Over the last decades, the quality of diagnostic imaging studies has improved significantly, and the number of studies increased for both irradiating and non-irradiating techniques.
In Belgium, collective radiation due to medical imaging increased until 2010, before reversing since 2015, thanks to both optimization of radiology examinations and modernization of radiology equipment [1]. Increase in collective radiation dose can increase the stochastic risk and potentially induce cancers [2]. Limiting/reducing this collective dose delivered to patients is important and has been addressed in two consecutive European Directives (97/43, 2013/59). Two concepts derive from the radioprotection concept: justification and optimization. Justification is a benefit-risk balance leaning towards benefit while optimization involves taking the lowest possible dose that is sufficient to generate an image of adequate quality for diagnosis. To guarantee compliance with these two concepts, procedures are established in hospitals. Compliance with procedures, however, is largely operator dependent [3].

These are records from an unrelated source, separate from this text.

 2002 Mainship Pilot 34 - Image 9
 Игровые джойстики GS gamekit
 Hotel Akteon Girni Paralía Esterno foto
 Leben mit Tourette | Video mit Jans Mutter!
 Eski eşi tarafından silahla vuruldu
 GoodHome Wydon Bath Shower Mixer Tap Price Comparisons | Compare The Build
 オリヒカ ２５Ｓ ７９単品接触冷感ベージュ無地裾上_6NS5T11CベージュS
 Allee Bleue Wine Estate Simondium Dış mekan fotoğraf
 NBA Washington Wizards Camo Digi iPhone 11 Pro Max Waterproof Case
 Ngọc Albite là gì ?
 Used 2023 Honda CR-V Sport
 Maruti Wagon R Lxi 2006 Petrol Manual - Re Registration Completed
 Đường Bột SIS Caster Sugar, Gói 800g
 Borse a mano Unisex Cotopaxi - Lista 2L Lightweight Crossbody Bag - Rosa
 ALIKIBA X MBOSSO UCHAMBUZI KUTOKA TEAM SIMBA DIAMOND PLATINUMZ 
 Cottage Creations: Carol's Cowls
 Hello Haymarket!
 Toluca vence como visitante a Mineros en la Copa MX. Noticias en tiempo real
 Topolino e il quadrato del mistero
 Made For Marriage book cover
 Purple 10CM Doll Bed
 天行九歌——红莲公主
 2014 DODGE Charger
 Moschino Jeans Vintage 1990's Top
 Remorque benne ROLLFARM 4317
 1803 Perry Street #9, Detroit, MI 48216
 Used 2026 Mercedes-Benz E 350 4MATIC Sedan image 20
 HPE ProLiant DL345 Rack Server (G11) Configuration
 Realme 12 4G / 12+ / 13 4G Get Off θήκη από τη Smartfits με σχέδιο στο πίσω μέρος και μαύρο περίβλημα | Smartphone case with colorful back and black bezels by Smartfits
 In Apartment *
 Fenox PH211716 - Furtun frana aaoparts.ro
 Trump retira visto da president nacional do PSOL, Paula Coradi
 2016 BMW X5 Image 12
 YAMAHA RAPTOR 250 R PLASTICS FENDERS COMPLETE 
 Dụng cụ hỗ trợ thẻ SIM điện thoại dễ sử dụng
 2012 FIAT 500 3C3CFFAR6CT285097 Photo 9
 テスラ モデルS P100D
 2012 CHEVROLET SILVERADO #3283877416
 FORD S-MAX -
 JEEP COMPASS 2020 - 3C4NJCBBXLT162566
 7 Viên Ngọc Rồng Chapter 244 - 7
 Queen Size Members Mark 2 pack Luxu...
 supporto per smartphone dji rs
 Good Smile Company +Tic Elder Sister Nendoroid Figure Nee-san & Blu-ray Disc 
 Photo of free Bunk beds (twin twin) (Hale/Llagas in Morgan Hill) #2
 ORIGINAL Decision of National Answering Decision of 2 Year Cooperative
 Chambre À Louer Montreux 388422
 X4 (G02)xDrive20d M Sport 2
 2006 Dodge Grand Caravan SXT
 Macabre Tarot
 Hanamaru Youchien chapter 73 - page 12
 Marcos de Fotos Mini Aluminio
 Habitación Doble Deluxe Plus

Urolithiasis is a highly prevalent condition with a high recurrence rate which can reach 50% at five years [4]. Patients suffering from renal calculi are subject to multiple computed tomography (CT) examinations during their lifetime and sometimes from a young age. Reducing their cumulative radiation dose is an important issue [5].
Dose reduction techniques include reduction in tube current with subsequent increased image noise, and reduction in acquisition length compared with a standard abdominal CT examination, typically by using the root of the diaphragm as apical landmark instead of top of the liver. Low-dose protocols allow to reduce the irradiation dose without compromising the detection of many diseases, including alternative diagnoses [6, 7, 8]. They have already proven their value for the detection of urolithiasis and are an integral part of current recommendations [8, 9].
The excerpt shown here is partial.